İnsanlar yaşadıkları müddetçe tövbe kapısı açıktır. Ne zaman akılları başlarına gelir ve tövbe ederlerse Allah'ın, vaadinin gereği olarak bu tövbeyi kabul buyurması ve günahkâr kullarını affetmesi umulur, lütfundan beklenir.
Günahkâr kişi hayatının son saniyelerine kadar tövbe etmez, dünya hayatından ümit kestikten ve gayb alemine dahil bulunan berzah ve ahiretle ilgili bazı gerçekleri gördükten, hissettikten sonra henüz can vermeden tövbe ederse, bu tövbenin sebebi, gayba imana dayalı samimi pişmanlık olmayıp yüz yüze gelinen cezadan kurtulmaya yönelik bulunduğu, tekrar kulluk ve itaat imtihanına fırsat da kalmadığı için kabul edilmeyecektir.
Kabul edilmeyen bir başka tövbe de hayatını, hak dini inkâr içinde geçirdikten sonra ölen ve ahiret alemini gördükten sonra pişmanlık duyanların tövbesidir.
Bu da gayba iman ve samimi pişmanlıktan kaynaklanmadığı için Allah tarafından kabul edilmeyecektir. Bu hükmü teyit eden başka ayetler de vardır. (bk. Bakara, 2/162; Âl-i İmrân, 3/91)
Ayrıca, Hz. Peygamber (asm)’den, ölüm sancılarının başladığı andan itibaren yapılan tövbenin kabul edilmeyeceğine dair hadisler rivayet edilmiştir. (Müsned, II, 132, 153; İbn Mâce, Zühd, 30; Tirmizî, Daavât, 98)
Gerek iman gerekse tövbe zihin ve kalbin, dolayısıyla iradenin katılımıyla meydana gelebilir.

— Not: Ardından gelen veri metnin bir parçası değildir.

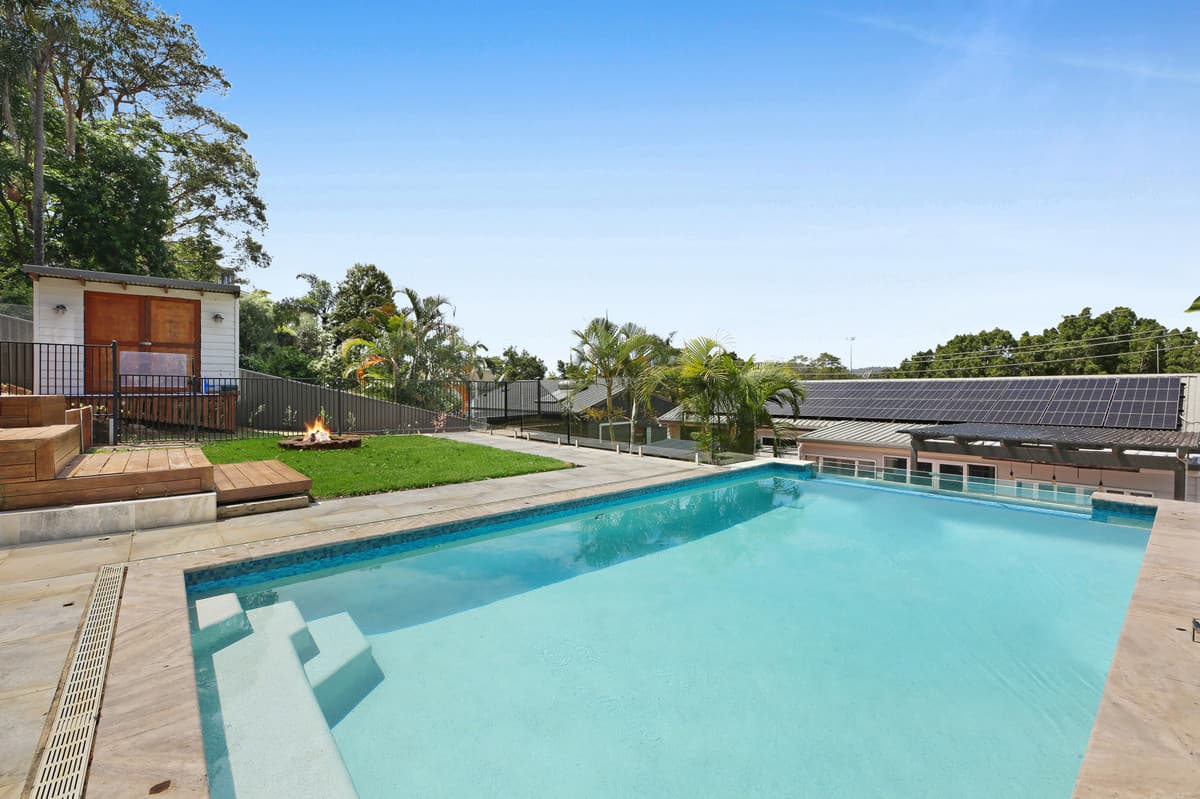 9 Hinterland Drive, Mudgeeraba — photo 1 of 5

Ölüm halinin veya kıyametin kopmasının yaklaşması durumunda gayba olan iman şartı ile irade ortadan kalkar, günahın devam ettirilmesi de imkânsız hale gelir.

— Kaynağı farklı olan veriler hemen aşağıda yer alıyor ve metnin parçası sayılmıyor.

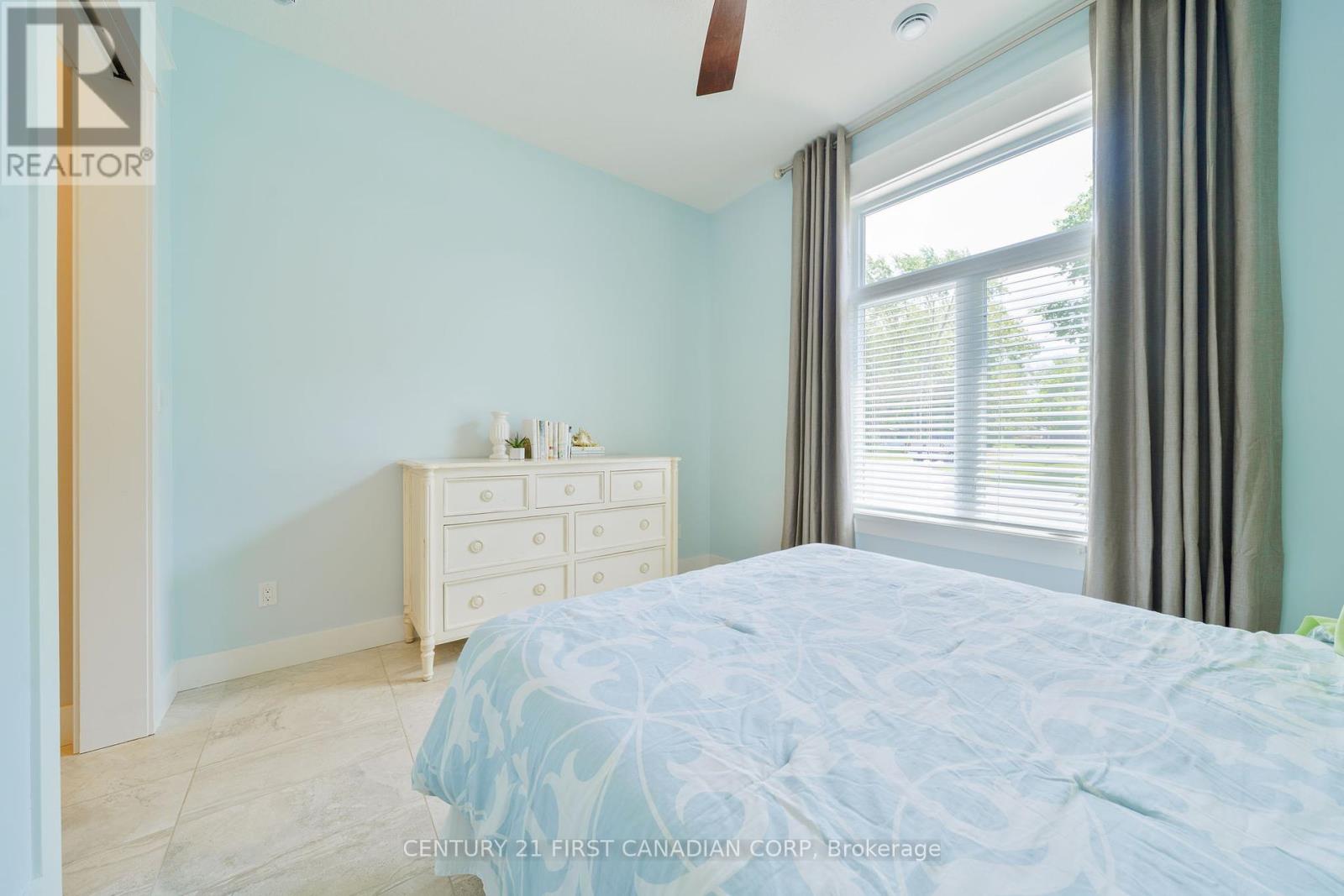 5144 Cedarview Drive, Lambton Shores, Ontario  N0N 1J0 - Photo 15 - X12230196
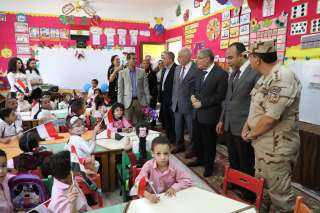 محافظ المنيا يفتتح المدرسة الرسمية للغات بمركز أبو قرقاص استجابة لأهالي المركز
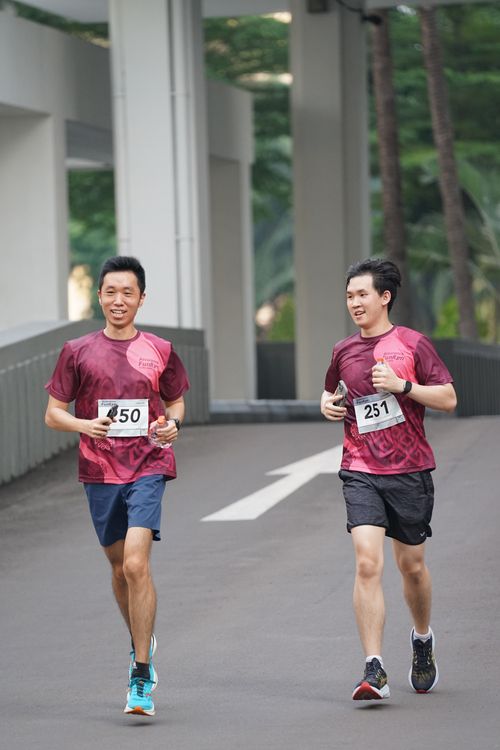Race photo from Assurance Fun Run 2024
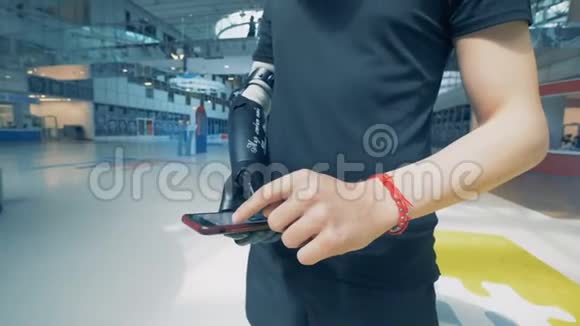 带有人工假肢的人体机器人使用智能手机视频的预览图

Bu durumdaki insanın dinî değer taşıyacak herhangi bir davranışta bulunması söz konusu olmaz. (Mâtürîdî, Tevilâtü’l-Kurân, IV, 93-98)
Buna göre, bir kimse ne kadar hasta olursa olsun, hatta doktorlar ölüm tarihi bile verseler veya ölüme ne kadar yakın olursa olsun, hatta birkaç saniye sonra vefat da etse, ahiret alemlerine ait bir iman hakikatini görmeden yapacağı her türlü tövbe geçerlidir.